For their Cecil H and Ida Green Visiting Professors Program, they solicit nominations for:
- Outstanding scholars, artists, and intellectuals from outside of British Columbia;
- Well-established leaders in their field who come from a wide variety of disciplinary backgrounds.
From this group, for residencies that typically last for four to five days.
Cecil H and Ida Green Visiting Professor: Oliver Rollins
Dr. Oliver Rollins is the Old Dominion Career Development Professor and an associate professor of Science, Technology, and Society at MIT. He investigates how neuroscience knowledge and technologies are shaped by, and in turn influence, practices of social difference (e.g., race and racism). His first book, Conviction: The Making and Unmaking of the Violent Brain (Stanford University Press), examined the evolution of neuroimaging research on antisocial behavior, highlighting the limitations of this controversial brain model in addressing systemic issues of inequality. His new book project will analyze the field of “neurolaw,” aiming to determine how brain knowledges become legally relevant “facts,” and their potential to (re)shape ethical, legal, and sociocultural views of (in)justice, vulnerability, and reform in the context of law and society.
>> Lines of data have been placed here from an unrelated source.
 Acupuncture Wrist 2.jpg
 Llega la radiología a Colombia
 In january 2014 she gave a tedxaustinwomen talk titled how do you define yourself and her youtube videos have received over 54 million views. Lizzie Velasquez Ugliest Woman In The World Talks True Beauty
Oliver Rollins will be in residence at Green College for two weeks in March 2026.
During his residency in March, he will be giving a series of talks in Vancouver, including:
- The Annual Distinguished Neuroethics Lecturetitled, “Criminal Minds, Risky Brains: The Scientific Obsession with the ‘Born Criminal’—and Why It’s Wrong.”
- Neuroscience Grand Rounds at Vancouver General Hospital, titled, “Where do we go from here?: Reflections on the Race Question and Neuroscience Today”
- Coach House Lecture, titled “Brain Science on the Stand: How Neurolaw Shapes—and Misshapes—Justice.”
- Neuroethics Workshop – “Towards an antiracist neuroscience.”